Family behind Tupou's rugby success

International
Beth Newman Profile
by Beth Newman

For Taniela Tupou, family is everything.

The ninth of 11 children, Tupou is still in awe of his mother Loisi and the sacrifices she made to ensure all of the Tupou children grew up healthy and happy.

His father, Malakai, passed away in 2005 when Taniela was just nine but he still holds a special place in the powerful prop’s heart.

Tupou paid tribute to his father after winning two gongs at the Rugby Australia Awards on Friday night and choked up speaking about his family both in his speech and speaking to media later.

It’s rare to find an interview where Tupou doesn’t mention his family - Loisi travelled to Brisbane for the first time in June to see his Test debut and he was with one of his brothers when he received the call to join the Spring Tour last year too.

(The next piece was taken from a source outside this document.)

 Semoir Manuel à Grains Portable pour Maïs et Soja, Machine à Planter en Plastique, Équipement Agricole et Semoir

He still speaks to Loisi most days and jokes, like most adults living away from home, that he answers most of the time.

“Sometimes, it's like "Mum just give me a break," but she always messages, she always calls,” he joked.


“Not always, but 90 per cent of the time I answer her call.”

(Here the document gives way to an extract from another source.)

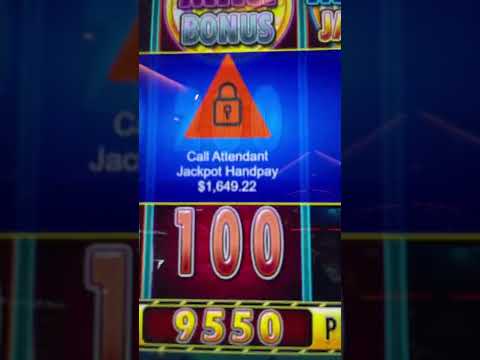 JACKPOT AT THE SAHARA (SLS)!!!!!
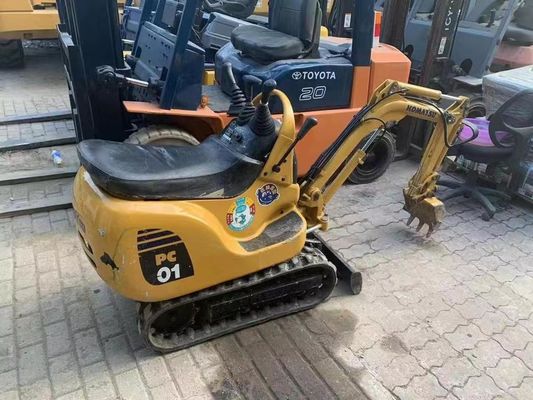PC01 Cor Original Mini Excavadora Komatsu Usada para Trabalho Interior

And when he’s asked what motivates him in training and games, he doesn’t have to think about it.

“I know how it feels to have nothing because when I grew up, I had nothing back home and to be able to have all this and it seems like I can help my family to have a life,” he said.

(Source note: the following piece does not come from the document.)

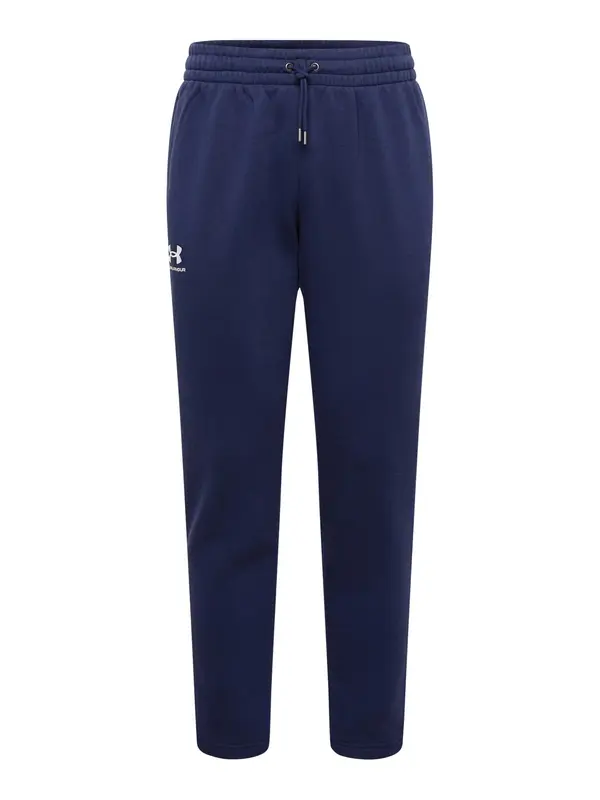 UNDER ARMOUR UNDER ARMOUR Športne hlače 'Essential'  marine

“I get emotional when I talk about my family. I think when I go through tough times at training or games then I think of my mum and the hard work and struggles she has to go through for us.

“There's 11 of us and I'm one of the youngest, so  you can imagine that she didn't work and I don't know how we survived.

“So, when I'm struggling I think of my family and that just makes me keep going.”

Loisi and his two younger sisters were left without a home after Cyclone GIta tore through Tonga in February and Taniela is helping to do whatever he can to help rebuild.

They have managed to build a temporary house but there is work to do before they have a cyclone-proof home.

“We had the cyclone back home and me and my brother went back home and we built this house but it's not as strong - just for something for them to stay for now,” he said.

“We're going to try and rebuild it next year.

“It's just one for the next 2-3 years and we're going to rebuild the proper house, so we're hoping to do it as soon as possible before another cyclone comes to Tonga.”

“I'm hopeful - I'm trying to save up here, hopefully we can have enough to build a proper house for my mum and hopefully buy a car and I can look after myself after that.”

Tupou will play a critical role in the Wallabies' run to the Rugby World Cup next year and said he was ready step up on the field.

"I have been lucky enough to start all the games for the Reds this year and had some alright games and I have to pick it up next year for the World Cup," he said.

 "If I want to be in that squad, I need to perform and do better than I did this year."